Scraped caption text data
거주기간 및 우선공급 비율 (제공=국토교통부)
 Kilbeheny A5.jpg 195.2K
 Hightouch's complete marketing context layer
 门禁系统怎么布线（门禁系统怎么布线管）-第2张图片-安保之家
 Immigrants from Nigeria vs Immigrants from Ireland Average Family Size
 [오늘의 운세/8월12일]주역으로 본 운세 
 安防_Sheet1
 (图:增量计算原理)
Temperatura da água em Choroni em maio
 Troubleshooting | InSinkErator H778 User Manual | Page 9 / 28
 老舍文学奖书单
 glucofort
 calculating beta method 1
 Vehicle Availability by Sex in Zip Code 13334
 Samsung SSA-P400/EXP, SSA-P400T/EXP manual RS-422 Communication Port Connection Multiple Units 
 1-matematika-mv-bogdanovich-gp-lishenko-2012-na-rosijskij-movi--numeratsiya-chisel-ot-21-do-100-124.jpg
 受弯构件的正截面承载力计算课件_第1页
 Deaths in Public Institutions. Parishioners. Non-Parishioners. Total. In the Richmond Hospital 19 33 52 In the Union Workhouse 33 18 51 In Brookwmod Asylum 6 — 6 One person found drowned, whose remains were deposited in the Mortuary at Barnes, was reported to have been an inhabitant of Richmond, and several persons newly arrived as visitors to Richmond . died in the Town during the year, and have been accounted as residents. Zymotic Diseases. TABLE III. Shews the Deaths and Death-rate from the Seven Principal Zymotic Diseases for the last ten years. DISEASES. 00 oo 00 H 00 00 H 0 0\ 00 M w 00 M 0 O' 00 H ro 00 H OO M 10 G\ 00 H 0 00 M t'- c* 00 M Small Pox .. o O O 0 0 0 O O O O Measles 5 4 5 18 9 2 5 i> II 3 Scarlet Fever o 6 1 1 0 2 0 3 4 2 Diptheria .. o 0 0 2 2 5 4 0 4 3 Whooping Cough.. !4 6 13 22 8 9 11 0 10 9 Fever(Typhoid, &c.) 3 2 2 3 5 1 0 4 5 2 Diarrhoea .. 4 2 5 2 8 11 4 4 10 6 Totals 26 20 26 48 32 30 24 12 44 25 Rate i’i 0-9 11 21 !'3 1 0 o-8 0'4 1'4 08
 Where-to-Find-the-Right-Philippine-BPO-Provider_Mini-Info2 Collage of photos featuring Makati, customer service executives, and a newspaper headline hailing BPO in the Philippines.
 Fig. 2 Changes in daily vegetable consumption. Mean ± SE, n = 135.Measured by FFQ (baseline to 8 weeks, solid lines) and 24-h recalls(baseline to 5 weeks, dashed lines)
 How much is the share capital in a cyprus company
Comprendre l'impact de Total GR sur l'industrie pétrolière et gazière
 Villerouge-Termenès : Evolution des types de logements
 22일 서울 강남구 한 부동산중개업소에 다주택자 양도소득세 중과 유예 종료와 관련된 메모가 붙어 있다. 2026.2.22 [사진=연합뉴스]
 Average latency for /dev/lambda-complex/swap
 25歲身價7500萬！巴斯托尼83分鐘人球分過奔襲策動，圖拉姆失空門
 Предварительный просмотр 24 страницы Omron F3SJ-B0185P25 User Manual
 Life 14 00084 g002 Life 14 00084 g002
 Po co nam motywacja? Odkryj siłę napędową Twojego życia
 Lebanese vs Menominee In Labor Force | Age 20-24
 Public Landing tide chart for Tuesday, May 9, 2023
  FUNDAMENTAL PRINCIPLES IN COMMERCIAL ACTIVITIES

Directions: Each line above that contains the string "User" should be identified and copied.

Answer section:
 Troubleshooting | InSinkErator H778 User Manual | Page 9 / 28
 Предварительный просмотр 24 страницы Omron F3SJ-B0185P25 User Manual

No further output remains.